97% of children play video games.

Ben had better never read about this study about the video gaming habits of children.
The survey, released Tuesday, combined the telephone responses from a nationally representative sample of 1,102 young people, ages 12 to 17, and their parents. Performed from November 2007 through February of this year, and partly funded by the MacArthur Foundation, it had a margin of error of three percentage points.

Among other things, the survey found that:

—Ninety-seven percent of young respondents play video games. That's 99 percent of boys and 94 percent of girls, with little difference in the percentages among various racial and ethnic groups and incomes. In fact, 7 percent of those surveyed said they didn't have a computer at home, but did have a game console, such as Sony Corp.'s PlayStation, Microsoft Corp.'s Xbox or Nintendo Co.'s Wii.

—They play often. When surveyed, half of the respondents said they had played a video game the previous day.

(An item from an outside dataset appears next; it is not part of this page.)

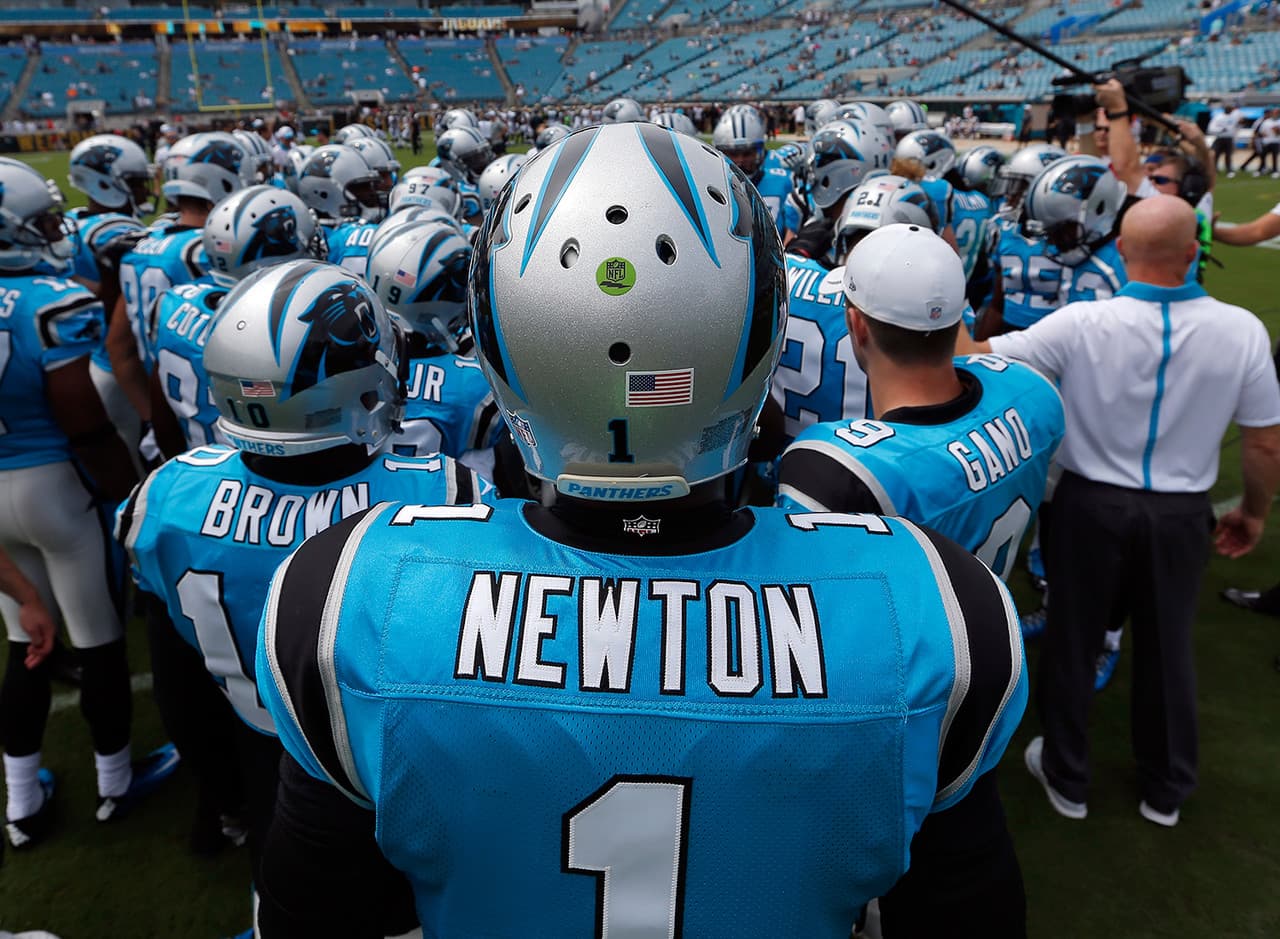 19. Carolina Panthers - $1.56 mil millones de dólares.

—Their games of choice are as diverse as their tastes in music or TV. Eighty percent of respondents play five or more different game genres, with racing, puzzles, sports and action the most common. Favorites were "Guitar Hero," "Halo 3," "Madden NFL," solitaire and "Dance Dance Revolution."

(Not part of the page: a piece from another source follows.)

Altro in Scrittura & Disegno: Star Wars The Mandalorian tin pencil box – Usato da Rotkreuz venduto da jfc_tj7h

Poor Ben thinks he's very badly treated because video games are banned in this household.

Ben has a tendency towards electronic media addiction. My cure for it is to not have it on hand. Our television set is in the master bedroom so it is out of sight and out of mind for him. If I let him, he'd watch videos all day long. I ended up telling him that he has to earn video minutes with reading minutes.

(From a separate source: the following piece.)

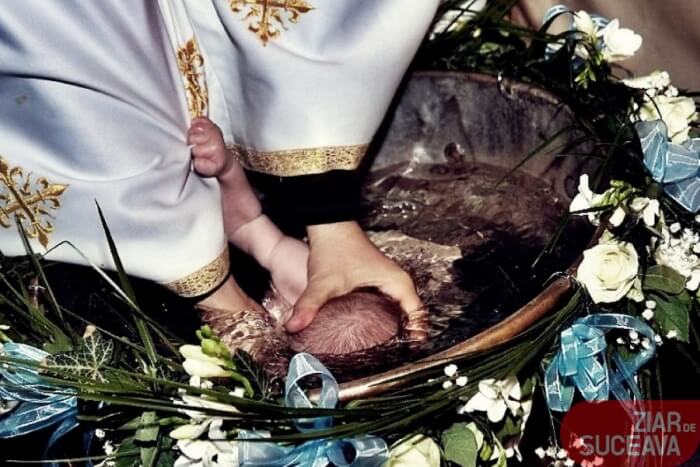 хрещення немовля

Right now his dearest desire is to own a hand held video game thingy. I think though that he's coming to the realization that he is not going to own one any time soon.

One day he'll thank me for reading Jane Healey's book, "Failure to Connect", but for now he thinks he's very hard done by because of our family stance on electronic media.

4 comments:

Lydia Netzer said...

Fortunately for Ben, his mother spends a lot of time devising interesting, engaging things for him to do that do not involve rectangular screens. :)

We're fairly big on the rectangular screens around here, but I'd be a pretty big hypocrit if I didn't let the kids play video games when I'm such a big fan myself!

Lydia Netzer said...

I just misspelled hypocrite. Does this make me a hypocrite for making Benny write "relevant" and "alliteration" four times each today? Or maybe a hypocrit?

Anonymous said...

Max is the same way. We haven't unpacked the video games since we moved, and we don't plan to any time soon. He just gets too addicted to them. I truly wish he could be satisfied with a little game-time here and there, but that does NOT work for him. It's all or nothing. Fortunately, like you said, the out-of-sight out-of-mind works pretty well (so far!)

alaina said...

I wonder what kind of questions they asked the kids? If someone asked my children if they PLAY video games, they would say yes; yet, we don't OWN any video games. They'd also say that guitar hero is their favorite game and they would probably sound like experts, but the only time they played it was over a weekend at a cousin's house back in July...:)

Julian gets addicted to electronic things, too, which is why I won't own a game console. I inherited a playstation from my sister's belongings and I sold it on eBay. Then Dan's sister offered us a different one (gamecube?) and was rather shocked when we thanked her but declined! lol!